Yes, intrusive data structure is exactly the correct word for it. I was trying to remember it but couldn't recall it for my comment. Thanks! I'm curious to see how it will work in Rust.
Yes, you probably shouldn't use any kind of binary trees. This has been a sort of open secret for years. I first learned about it from phk(Poul-Henning Kamp)'s 2010 article, "You're doing it wrong". See http://phk.freebsd.dk/B-Heap/queue.html.
What would you recommend as a good book on Virtual Memory ? I learned about the insides of computers during school days more than 20 yers ago and I would like to refresh/update my knowledge.
Yes, I don't think the article is very good, but it was where I first learned whole IO complexity thing, and I think it was widely read and effective in popularizing the idea.
That's exactly what phk wrote about: theoretically perfect algorithms such as binary search are never practically perfect, because they never account for real life things like disk latency and memory pressure. This has lead to developers come up with inefficient softwares.
Very true. Here's a paper from last year that measures the performance of searches on several implicit search tree layouts on CPU and GPU: https://algoparc.ics.hawaii.edu/pubs/18-ipdps.pdf. You can see the results in figures 7 and 9 (pages 9 and 10).
tl;dr: in an array of 500 million elements, if you're doing more than ~5 million queries (1%), it pays off to spend the time to construct a more efficient representation of the data and search on that. On a GPU, you need ~15 million queries (3%).
SQLite already implemented such mechanism[0] that determines whether or not a given identifier is really an SQL keyword. The result is a single static hashtable (C array of chars) with O(1) lookup result. This is the fastest known implementation for keyword lookup.
I'm not clear as to why that'd be faster than what we/PG has done. On a quick skim that allows for conflicts in the hashtable, which our new implementation doesn't? Ours is also a C array (albeit of offsets into one blob of string srather than the strings directly, the higher data density achievable due to that was worth it).
The way I've seen most languages do it is something like this:
switch (c[0]) {
case 'c':
if (strcmp(c, "case") == 0) return CASE;
if (strcmp(c, "continue") == 0) return CONTINUE;
...
case 'f':
if (strcmp(c, "for") == 0) return FOR;
if (strcmp(c, "friend") == 0) return FRIEND;
...
}
I suspect that's good enough if you have a typical keyword list of say 20-100.
I just looked at Clang and it appears to build the list at runtime, using a regular hash table. I think this is because it has to handle C, C++, and Objective C, and they have different sets of keywords.
It seems like they could change it to use something like perfect hashing, and if that's even a 1% win, it would be worth it for the extra build complexity, since C and C++ compilation take up so many CPU cycles in the world.
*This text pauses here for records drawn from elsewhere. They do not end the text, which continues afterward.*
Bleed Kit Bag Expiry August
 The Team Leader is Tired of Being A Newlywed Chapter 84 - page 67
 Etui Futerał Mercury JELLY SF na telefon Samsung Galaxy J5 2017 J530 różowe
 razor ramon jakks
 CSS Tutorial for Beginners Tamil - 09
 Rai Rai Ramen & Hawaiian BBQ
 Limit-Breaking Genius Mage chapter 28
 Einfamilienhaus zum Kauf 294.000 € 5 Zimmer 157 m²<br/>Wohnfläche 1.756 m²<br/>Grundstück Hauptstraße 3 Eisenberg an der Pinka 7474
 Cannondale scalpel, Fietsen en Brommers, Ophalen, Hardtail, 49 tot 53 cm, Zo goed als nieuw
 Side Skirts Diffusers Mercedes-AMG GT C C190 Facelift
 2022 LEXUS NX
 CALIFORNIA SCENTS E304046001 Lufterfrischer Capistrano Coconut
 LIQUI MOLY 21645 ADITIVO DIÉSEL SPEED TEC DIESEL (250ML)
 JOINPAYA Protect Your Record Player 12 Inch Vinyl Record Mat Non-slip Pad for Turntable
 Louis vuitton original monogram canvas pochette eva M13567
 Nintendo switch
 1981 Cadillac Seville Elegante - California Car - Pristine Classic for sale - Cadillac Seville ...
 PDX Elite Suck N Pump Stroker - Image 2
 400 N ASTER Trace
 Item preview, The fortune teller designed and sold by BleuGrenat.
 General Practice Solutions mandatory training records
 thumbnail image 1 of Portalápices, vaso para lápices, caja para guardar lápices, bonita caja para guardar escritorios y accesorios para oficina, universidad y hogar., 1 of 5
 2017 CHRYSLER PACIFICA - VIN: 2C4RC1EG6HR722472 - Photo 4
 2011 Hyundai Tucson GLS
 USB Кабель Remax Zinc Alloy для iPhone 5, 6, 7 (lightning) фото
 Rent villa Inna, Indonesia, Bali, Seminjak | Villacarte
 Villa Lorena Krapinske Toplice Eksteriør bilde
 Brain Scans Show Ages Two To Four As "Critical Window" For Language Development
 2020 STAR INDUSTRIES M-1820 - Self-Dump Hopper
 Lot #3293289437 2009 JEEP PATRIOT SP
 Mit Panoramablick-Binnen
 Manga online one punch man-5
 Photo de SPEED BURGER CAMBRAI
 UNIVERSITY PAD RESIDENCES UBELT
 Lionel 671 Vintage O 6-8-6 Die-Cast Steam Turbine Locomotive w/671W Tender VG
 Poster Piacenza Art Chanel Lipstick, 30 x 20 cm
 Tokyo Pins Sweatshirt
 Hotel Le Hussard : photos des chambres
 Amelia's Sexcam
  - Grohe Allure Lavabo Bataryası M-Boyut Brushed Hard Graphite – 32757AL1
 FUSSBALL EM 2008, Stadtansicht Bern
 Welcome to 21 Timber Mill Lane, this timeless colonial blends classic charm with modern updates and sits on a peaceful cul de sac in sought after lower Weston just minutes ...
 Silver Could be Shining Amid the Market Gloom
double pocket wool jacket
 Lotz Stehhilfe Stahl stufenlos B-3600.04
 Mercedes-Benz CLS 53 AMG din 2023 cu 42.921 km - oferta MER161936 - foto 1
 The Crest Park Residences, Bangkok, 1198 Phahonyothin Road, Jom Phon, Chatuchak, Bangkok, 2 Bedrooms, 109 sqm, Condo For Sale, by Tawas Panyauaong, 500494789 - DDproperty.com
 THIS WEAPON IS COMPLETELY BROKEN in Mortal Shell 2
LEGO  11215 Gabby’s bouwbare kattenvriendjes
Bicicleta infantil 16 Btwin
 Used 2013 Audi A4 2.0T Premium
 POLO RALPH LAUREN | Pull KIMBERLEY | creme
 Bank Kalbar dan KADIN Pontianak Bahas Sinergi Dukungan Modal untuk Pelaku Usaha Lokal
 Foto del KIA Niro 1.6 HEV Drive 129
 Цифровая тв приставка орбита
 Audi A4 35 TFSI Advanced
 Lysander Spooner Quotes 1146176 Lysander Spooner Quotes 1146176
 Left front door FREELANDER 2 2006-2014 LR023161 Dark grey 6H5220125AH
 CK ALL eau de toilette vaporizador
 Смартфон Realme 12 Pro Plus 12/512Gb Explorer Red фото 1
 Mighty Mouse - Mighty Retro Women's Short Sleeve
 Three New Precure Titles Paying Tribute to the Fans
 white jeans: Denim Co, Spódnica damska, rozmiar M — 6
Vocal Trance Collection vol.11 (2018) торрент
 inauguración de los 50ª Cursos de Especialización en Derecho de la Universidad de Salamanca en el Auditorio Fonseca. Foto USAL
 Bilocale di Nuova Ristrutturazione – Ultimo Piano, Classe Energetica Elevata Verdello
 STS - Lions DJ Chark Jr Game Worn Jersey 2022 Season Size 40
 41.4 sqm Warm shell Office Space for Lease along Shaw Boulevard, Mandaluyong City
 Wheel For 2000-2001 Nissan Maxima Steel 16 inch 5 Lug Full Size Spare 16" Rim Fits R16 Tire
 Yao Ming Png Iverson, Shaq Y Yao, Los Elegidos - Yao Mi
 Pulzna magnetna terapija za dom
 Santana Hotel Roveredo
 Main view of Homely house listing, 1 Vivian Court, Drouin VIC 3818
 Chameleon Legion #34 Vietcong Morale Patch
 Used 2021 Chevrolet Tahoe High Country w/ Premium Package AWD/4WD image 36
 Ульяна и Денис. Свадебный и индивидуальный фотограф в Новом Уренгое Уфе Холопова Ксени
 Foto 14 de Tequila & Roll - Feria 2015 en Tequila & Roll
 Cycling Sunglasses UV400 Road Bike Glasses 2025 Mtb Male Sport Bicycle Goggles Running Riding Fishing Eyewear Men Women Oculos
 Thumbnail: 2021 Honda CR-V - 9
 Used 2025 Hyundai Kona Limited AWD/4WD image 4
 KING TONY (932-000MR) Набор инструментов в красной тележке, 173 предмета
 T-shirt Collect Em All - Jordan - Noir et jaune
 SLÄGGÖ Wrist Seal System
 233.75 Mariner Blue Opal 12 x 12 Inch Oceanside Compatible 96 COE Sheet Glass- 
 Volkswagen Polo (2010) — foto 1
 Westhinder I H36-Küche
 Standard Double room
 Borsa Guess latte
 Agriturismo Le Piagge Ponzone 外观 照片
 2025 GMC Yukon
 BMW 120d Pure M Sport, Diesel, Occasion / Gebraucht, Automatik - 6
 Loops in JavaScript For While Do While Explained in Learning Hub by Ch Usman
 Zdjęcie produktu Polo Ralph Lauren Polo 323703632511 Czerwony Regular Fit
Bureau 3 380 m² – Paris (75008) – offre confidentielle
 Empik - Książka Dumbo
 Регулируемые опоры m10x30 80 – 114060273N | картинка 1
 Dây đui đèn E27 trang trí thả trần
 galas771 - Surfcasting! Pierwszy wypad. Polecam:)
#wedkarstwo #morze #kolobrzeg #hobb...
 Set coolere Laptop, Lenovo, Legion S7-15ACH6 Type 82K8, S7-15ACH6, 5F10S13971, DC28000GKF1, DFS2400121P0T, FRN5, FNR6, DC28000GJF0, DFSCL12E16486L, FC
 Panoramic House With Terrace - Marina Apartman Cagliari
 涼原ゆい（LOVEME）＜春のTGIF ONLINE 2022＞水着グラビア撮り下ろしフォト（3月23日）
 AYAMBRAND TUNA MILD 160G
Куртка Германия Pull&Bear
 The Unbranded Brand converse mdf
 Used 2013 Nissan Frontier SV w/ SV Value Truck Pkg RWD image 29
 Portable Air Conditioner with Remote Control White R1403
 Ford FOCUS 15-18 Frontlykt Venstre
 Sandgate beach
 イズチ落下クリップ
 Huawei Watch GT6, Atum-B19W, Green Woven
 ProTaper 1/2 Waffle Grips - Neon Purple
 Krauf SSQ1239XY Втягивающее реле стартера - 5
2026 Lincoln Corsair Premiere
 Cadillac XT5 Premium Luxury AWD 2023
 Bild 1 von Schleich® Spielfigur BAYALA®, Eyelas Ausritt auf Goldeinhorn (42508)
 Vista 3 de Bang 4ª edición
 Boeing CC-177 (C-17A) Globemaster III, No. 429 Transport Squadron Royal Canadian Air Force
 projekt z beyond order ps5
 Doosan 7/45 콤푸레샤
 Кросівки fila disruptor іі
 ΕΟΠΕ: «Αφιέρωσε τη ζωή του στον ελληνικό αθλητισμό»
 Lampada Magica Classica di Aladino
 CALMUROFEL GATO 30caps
See lib/Basic/IdentifierTable.cpp.
Although another problem is that the list of keywords depends on whether you're compiling C89, C99, C++98, C++11, etc. But that is a finite list so it seems like it still can be done with code generation ahead of time like PostGres does.
In Oil [1] I use re2c [1] recognize keywords, along with the rest of the complex lexing process, and it works well. It builds a DFA expressed in C code. The slower parts are elsewhere :)
EDIT: In theory, the DFA seems better than perfect hashing because you can bail on the second character if you get "xzoo" and no keyword starts with "xz". I think with perfect hashing yo still have to look at every byte.
The switch statement above also avoids looking at every byte in certain cases.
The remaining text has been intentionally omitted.